Além de atuar na manutenção da saúde dos ossos e do sistema imunológico, a vitamina D teria o potencial de se ligar diretamente a receptores de células cancerosas e pode impedir a disseminação delas, apontam os especialistas.
Os autores do trabalho se mostraram animados com os resultados e entendem que eles podem modificar a forma como essa enfermidade será tratada no futuro.
Mas eles mesmos ponderam que são necessários novos estudos, com um número maior de pacientes, para confirmar esses achados iniciais.
Como o estudo foi feito
A investigação foi conduzida na Faculdade de Medicina de Botucatu da Universidade Estadual Paulista (Unesp), no interior de São Paulo.
Foram recrutadas 80 mulheres com mais de 45 anos diagnosticadas com câncer de mama.
Todas elas fariam o chamado tratamento neoadjuvante, que consiste em passar por sessões de quimioterapia durante seis meses antes de fazer uma cirurgia para a retirada do tumor.
“Há um grupo de pacientes que apresenta um câncer de mama grande ou agressivo. Então, antes de remover o tumor com a cirurgia, precisamos começar com algum tipo de medicamento, como a quimioterapia na veia, para diminuir o tamanho dele e posteriormente fazer a operação em condições melhores”, contextualiza o cirurgião oncológico Renato Cagnacci Neto, do Centro de Referência de Tumores da Mama do A.C.Camargo Cancer Center, na capital paulista.
O especialista, que não esteve envolvido com o estudo da Unesp, calcula que a taxa de mulheres com câncer de mama que necessita do tratamento neoadjuvante (químio antes da cirurgia) varia de 20% a 40%, a depender da realidade de cada país.
No início do experimento, as voluntárias foram submetidas a exames de sangue para medir o nível de vitamina D que tinham.
Na sequência, as pacientes foram divididas em dois grupos.
O primeiro passaria a receber, durante o semestre de químio, uma suplementação de vitamina D numa dosagem de 2 mil unidades internacionais (UI).
Já segunda turma tomou placebo, uma substância sem nenhum efeito terapêutico.
Passados os seis meses, todas fizeram um novo exame de sangue, para ver como os níveis de vitamina D tinham se alterado no período.
Os laudos mostraram que o primeiro grupo, que fez a suplementação, estava com uma quantidade maior desse hormônio no organismo.
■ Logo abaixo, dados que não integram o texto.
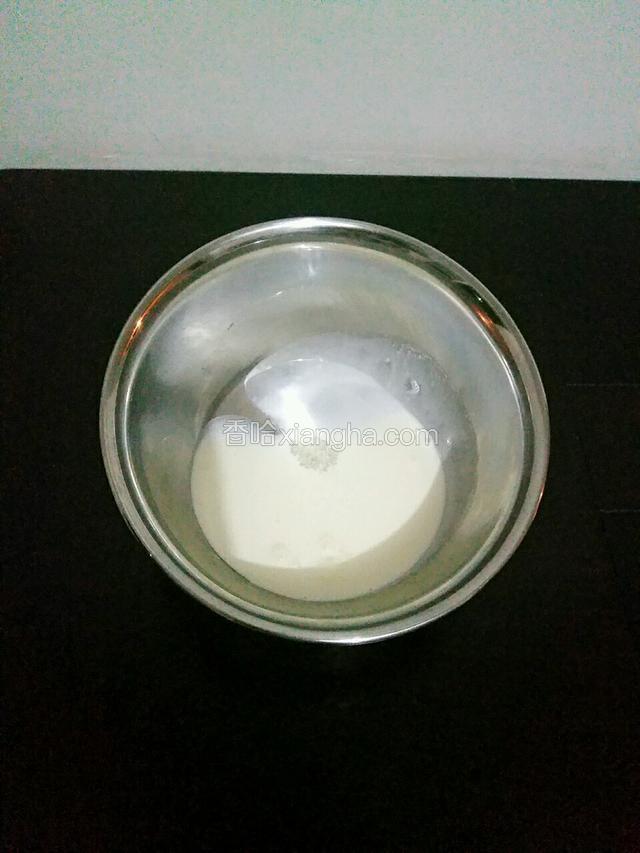 奶油倒入无水无油容器中加入15克糖打发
Mas o resultado mais importante veio na sequência: 43% das pacientes que suplementaram a vitamina D apresentaram uma resposta patológica completa (quando avaliações em laboratório dos tecidos removidos durante a cirurgia não encontram mais células tumorais).
Já entre aquelas que tomaram apenas placebo, essa taxa ficou em 24%, quase vinte pontos percentuais abaixo.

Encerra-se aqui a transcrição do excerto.